Кастелли возвышался посредине обширного сада, окруженного стенами и насажденного большими деревьями; Буонавентури, встав на лошадь, перескочил через стену и направился к дому. В открытом окне первого этажа светился огонь. Не освещал ли он комнаты Бианки? Решившись на все, Пьетро не колебался; громадный дуб возвышался в нескольких шагах от постройки, как будто лаская ее своими ветвями; великий конюший припомнил то время, когда он воровал гнезда; он полез по дереву.
Свет выходил из спальни Бианки; со своей обсерватории Пьетро видел, что она читала, лежа. Одним прыжком он очутился на балконе, а с балкона в комнате.
Бианка вскрикнула. В первую минуту страха она не узнала своего мужа.
– Молчи! Это я! – сказал он, затворяя за собой дверь.
– Вы!?
Она сделалась еще бледнее.
– Да, это я. Тебя удивляет видеть меня ночью, пришедшего по тайной дороге. Так нужно было, потому что мне запрещен другой час и другой путь. Ах! Признаюсь, есть покровительства, которые дорого стоят! И если бы начинать снова… Но жребий брошен!.. Между тем, я не считаю себя на веки разлученным с тобой, моя Бианка. Я тебя все еще люблю. А ты довольна, что видишь меня? Да говори же! Как! Вот уже три недели, как я не жал тебе руки, а у тебя для меня не находится ни слова!.. Разве я сделал ошибку, что пришел сюда? Так можно было предположить, судя по твоей физиономии.

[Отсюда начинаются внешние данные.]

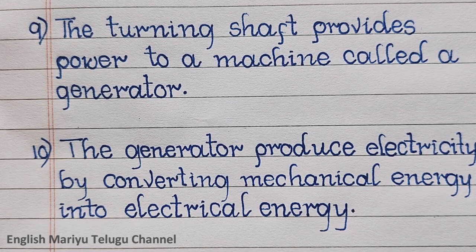Point ten: the generator produces electricity by converting mechanical energy into electrical energy.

– И не ошиблись бы, думая так, сказала Бианка мрачным голосом.
Пьетро сдвинул брови.
– А! Я сделал ошибку! – с горечью сказал он. —Это значит, что ты перестала любить меня, и любишь Франциска Медичи?
– Если бы так и было, чему вы удивились бы? Не сделали ли вы всего, чтобы я полюбила великого герцога!
– Бианка!
– Вы бросили меня в объятия Франциска Медичи. Я была вашей женой, вы сделали из меня куртизанку. Мой любовник осыпает вас золотом; вы его первый служитель. Чего же вам еще нужно от меня?
– Но, несчастная, я сделал низость столько же для тебя, как и для себя!..
– Вы наполовину лжете. Вы ради одного себя стали подлецом; я была только вашим орудием.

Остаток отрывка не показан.